Along with this profane flood, I arrive at the foot of the Wall. Old velvet robes, gray old forelocks, old hands raised to curse [sic!], they are there, as expected, the elders of Israel, who soon will be nourishing the grass in the valley of Jehosaphat; less numerous than the previous time, however, and less calm as well in chanting the lamentations of their prophet. There before us, before our invasion, there is already a band of Arab children, there to torment them: little ones disguised as animals, as dogs, under burlap sacks, coming up on all fours with wild laughs to bark at their feet. On that occasion these Jews did rouse me to profound pity, in spite of everything [quand même]. . . .
On an earlier occasion, Loti had not allowed himself to be moved: “One could almost cry with them—if they weren’t Jews [his emphasis], and if one did not feel one’s heart strangely chilled by all their abject faces.”28
Although the condition of the Jews was the worst, some of the rules applied to them, it should be noted, were no different from those applied to all infidels in all Muslim lands. All of them were dhimmi (protégés), second-class subjects excluded from armed service, owing tribute, and liable to a variety of disabilities and servitudes designed to express and signal their political, social, and moral inferiority. These were enforced with varying degrees of rigor in different times and places and on different groups. Thus the growing power of the West in the Muslim world was bound to affect in the first place the status of Christians and alter their relations to their Muslim neighbors; and indeed the history of Muslim-Christian relations in the Ottoman Empire in the course of the 19th century was one of sporadic explosions of wrath by the Muslim majority in response to Christian pretensions to equality and self-assertion.

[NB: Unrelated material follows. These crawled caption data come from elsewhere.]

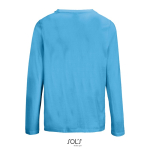 Langarm-T-Shirt Baumwolle, Rundhals farbe cyan-blau Rückansicht
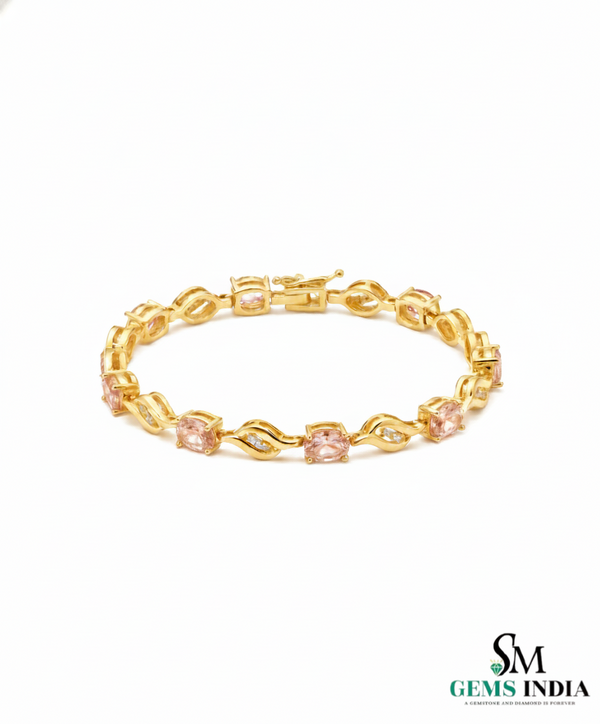 Luxury Morganite & Diamond Tennis Bracelet - Gold Bracelet for Women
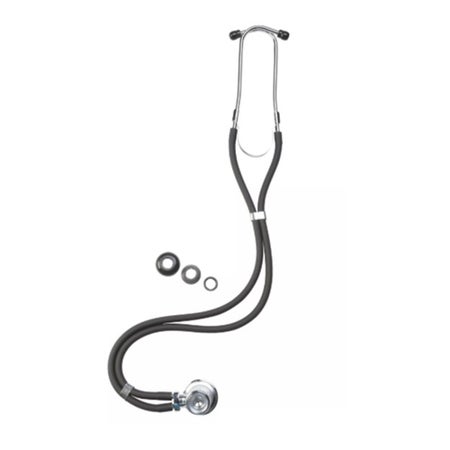 Sprague Stethoscope Cardinal Health™ Black 2-Tube 22 Inch Tubing Double Sided Chestpiece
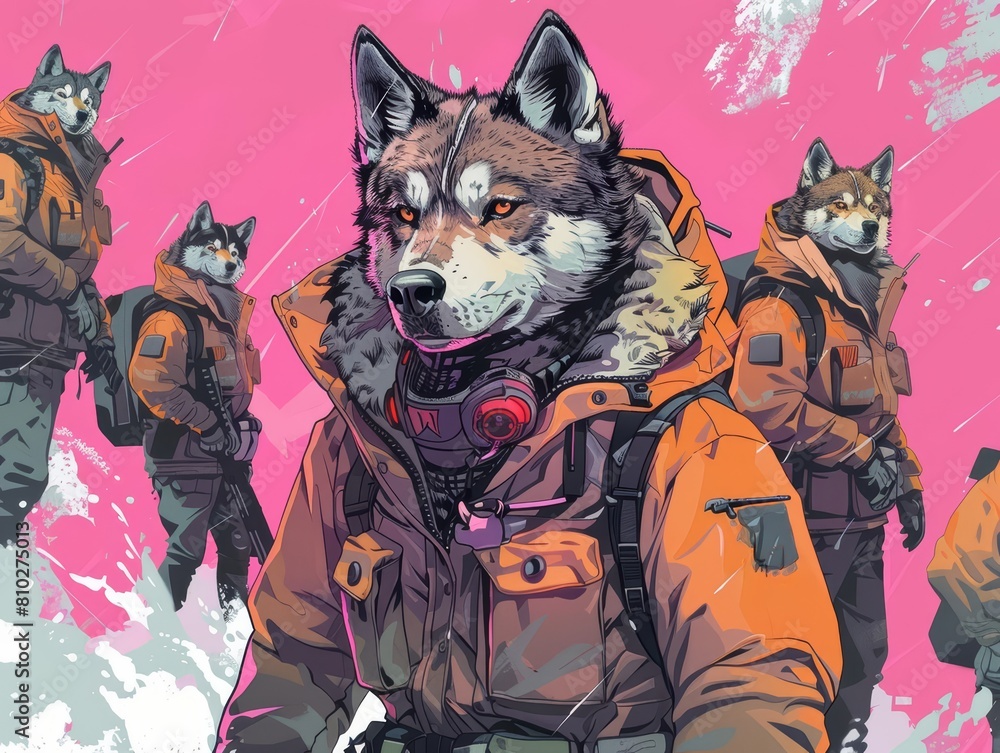 A cute of a pack animal, a husky in a parka, leading an Arctic exploration team, with cyberpunk 80s styles, Sharpen banner with copy space A cute of a pack animal, a husky in a parka, leading an Arctic exploration team, with cyberpunk 80s styles, Sharpen banner with copy space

The climax of this clash between the claims of equality and the habits of domination and contempt came after the Crimean War, when the Ottoman government, obliged by British and French military support and fearful of alienating it, issued a decree (the Hatti-i Hümayün of February 1856) affirming the equal rights of “the Christian communities and other non-Muslim subjects.” To this the Muslim population of Syria and Palestine reacted with angry outrage.
The explosion came in 1860, triggered by a combination of political and economic pressures that the Muslim and Druse communities saw as part of a general subversion of the world they had grown up in. The times were out of joint: “Confronted by the menace of the present and the insecurity of the future, Islam, in order to preserve a conception of existence, regrouped consciences and passions.”29 This last phrase is an abstract euphemism of a kind that comes easier perhaps in French than in other languages. Thousands of Christians—men, women, and children—were killed in the Lebanon and Syria; many women were raped or abducted; and numerous Christians were forced to adopt Islam. Property damage was extensive, and even European consulates were not spared. Only the intervention of the Ottoman authorities and the appearance of European naval vessels off the coast prevented similar massacres in Jerusalem, Beirut, Acre, Haifa, and Jaffa. It was these events that brought a French expeditionary force to Syria and compelled the Ottoman government to grant a special, semi-autonomous status to the Lebanon, with its large Christian population.30
If the great religious clashes of the day opposed Christians and Muslims, it was not because other minorities lacked for grievances or opportunities; on the contrary. But it was only the Christians who were strong enough to challenge the status quo. The Jews “usually refrained from behaving insolently toward Muslims; they continued to carry on their life more as a second-class minority than as an equal community.”31
In sum, the situation of the Jews in the pre-Zionist Holy Land (and in Islamic lands in general) was comparable to that of the blacks in the post-Reconstruction American South.32 That may seem a far-fetched analogy to those who prefer to be selective in their compassion and do not want the consensual sympathy for the blacks to be appropriated on behalf of a cause they see as controversial. Besides, there is that one significant difference between Jew and black: the Jew could (in theory at least), and sometimes had to, save himself by apostasy;33 whereas the black cannot shed his skin.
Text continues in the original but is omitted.